Ballamokshira Sai Teja receiving his white coat from Associate Dean, Dr. Syed Kazmi. (Photo courtesy of E.Walker/MRD)

Producing students not only with strong medical skills, but with critical thinking skills, is a goal of The American University of Barbados (AUB) School of Medicine.

This was emphasised last Friday by Dean of Clinical Sciences at the AUB, Dr. Sam Suhail, as he spoke during AUB’s 2017 White Coat Ceremony at the school’s headquarters in Wildey.

It was an event which saw students who have satisfied the requirements to embark on studies for their medical careers being presented with their white coats.  And, Dr. Suhail said one of the AUB’s long-term strategic plans was to develop clinical simulation rooms to support the development of critical thinking skills and to help students learn very early how to relate to their patients. He added they were working on a framework to support the standing of their medical students.

Students heard too that it was important for them to think critically about patient management, patient diagnosis, and the relationship between them and their patients. Dr. Suhail said this was not something only AUB was doing but it was the focus of many medical schools over the last decade.

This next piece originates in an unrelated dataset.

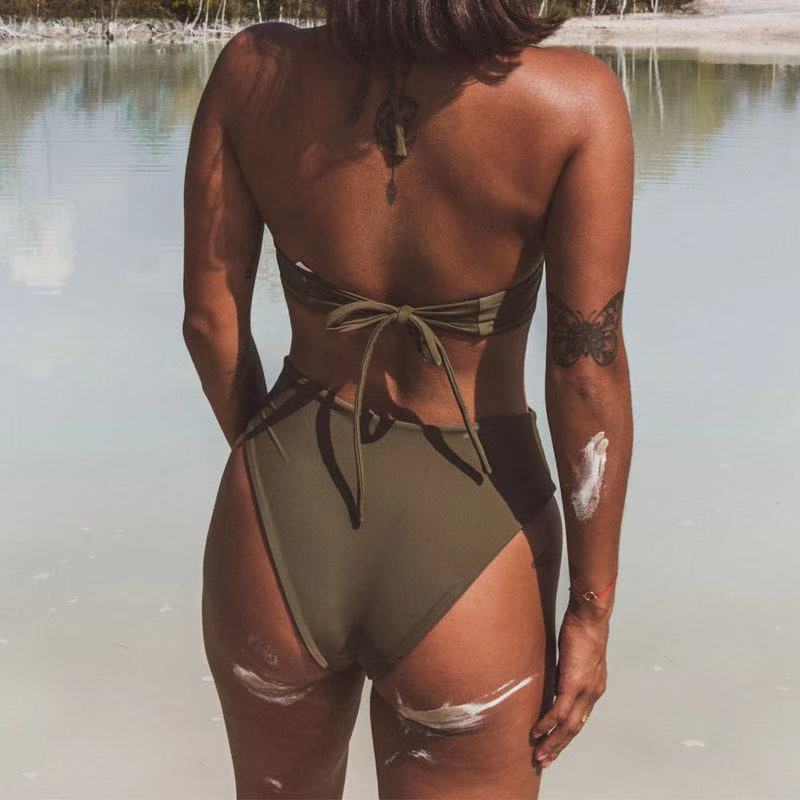 Damen Triangel-Bikini mit modischem Schnitt und raffinierter Zierschnürung R&B
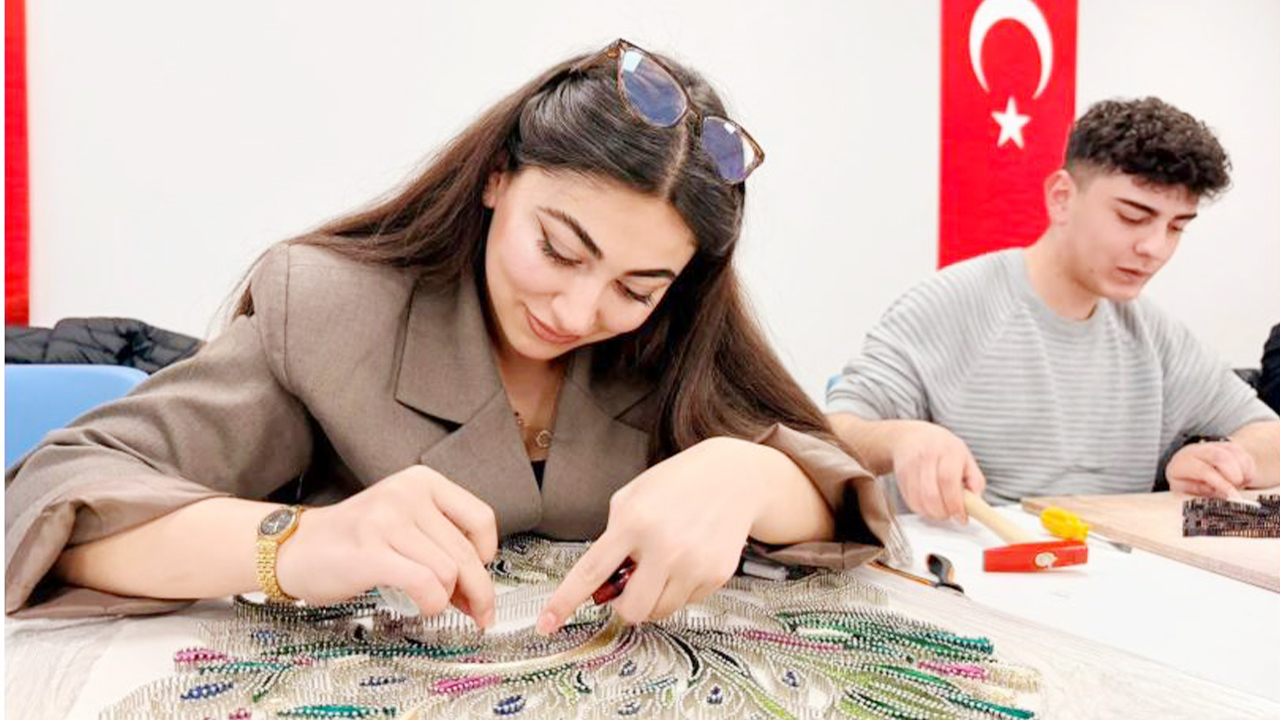 Yozgat’ta Filografi Kursu Şehit ve Gazi Yakınlarını Sanatla Buluşturuyor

“This is a noble profession and you as graduates of the White Coat Ceremony need to carry the nobility with you. Beyond the finite description of what it is to be a physician, lies an infinite magnitude of possibilities for realising the improvement to the human condition.

“What the patient seeks goes much beyond what the white coat represents. Through the touch of human compassion and the breath of unfolding optimism and hope, your actions and your responsibilities become the compass for improving not just the physical body mechanisms but the human spirit,” he advised.

The Dean noted that many student doctors have the knowledge, can recall the information, diagnostic procedures, or clinical procedures but lack that “metaphysical connection” necessary between patient and physician.

“That has to be initiated by you; that cannot be initiated by the patient,” he concluded.